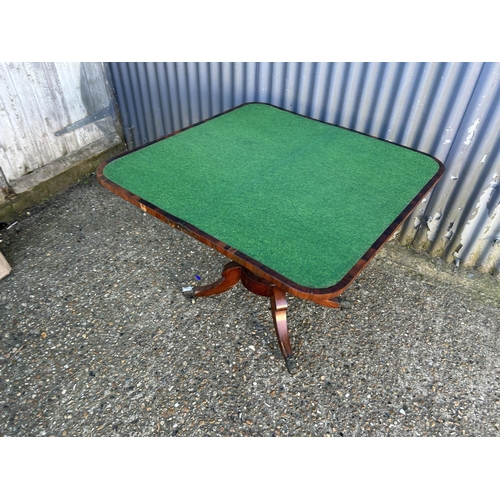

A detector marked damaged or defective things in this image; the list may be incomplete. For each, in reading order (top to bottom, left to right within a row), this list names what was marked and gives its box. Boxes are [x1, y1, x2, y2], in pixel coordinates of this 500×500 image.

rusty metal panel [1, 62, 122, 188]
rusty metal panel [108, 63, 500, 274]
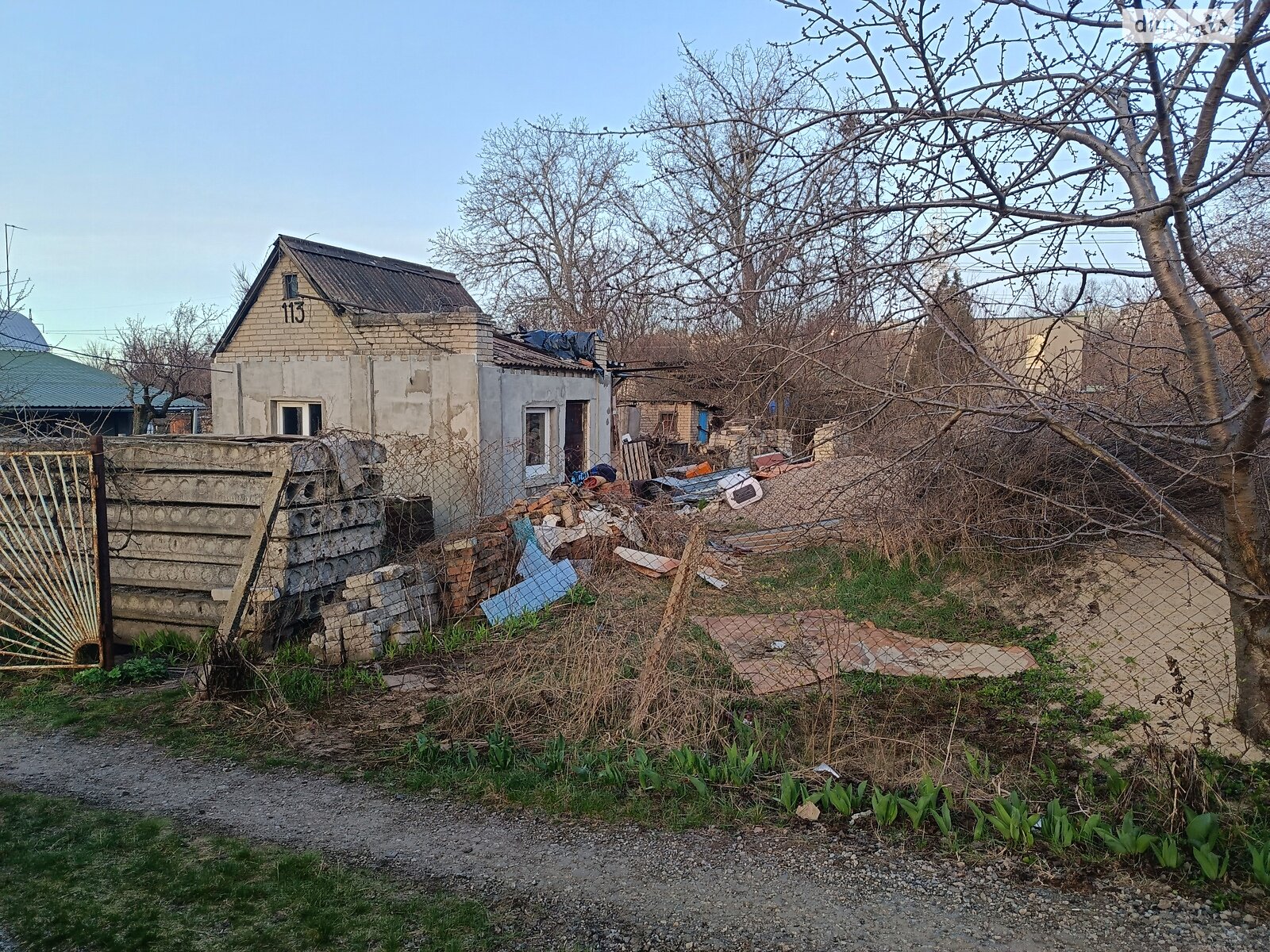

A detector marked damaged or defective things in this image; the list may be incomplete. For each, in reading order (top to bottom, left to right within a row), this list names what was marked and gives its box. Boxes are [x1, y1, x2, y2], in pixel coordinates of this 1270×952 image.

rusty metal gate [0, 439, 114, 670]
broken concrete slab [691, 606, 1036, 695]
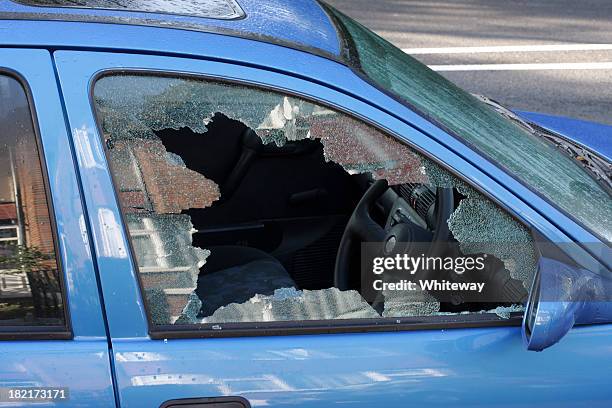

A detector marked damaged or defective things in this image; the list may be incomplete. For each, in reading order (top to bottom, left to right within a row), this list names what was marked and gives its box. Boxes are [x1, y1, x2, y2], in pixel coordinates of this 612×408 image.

TASK TO COMPLETE:
Copy out exactly, without any pictures, the lines above that begin at the one with "this 1270×952 image." and end at the last line of the listing.

RESPONSE:
A detector marked damaged or defective things in this image; the list may be incomplete. For each, in reading order (top to bottom, left to right within a row), this list names what was marked and gives its box. Boxes are [x1, y1, x2, y2], in pixel coordinates of this 1270×952 image.

rusty metal gate [0, 439, 114, 670]
broken concrete slab [691, 606, 1036, 695]

A detector marked damaged or defective things in this image; the list may be incomplete. For each, in reading order (top to bottom, left to right within a row), this list names what was marked and gives its box. Boxes are [x1, y1, x2, y2], in pixel coordinates of this 612×408 image.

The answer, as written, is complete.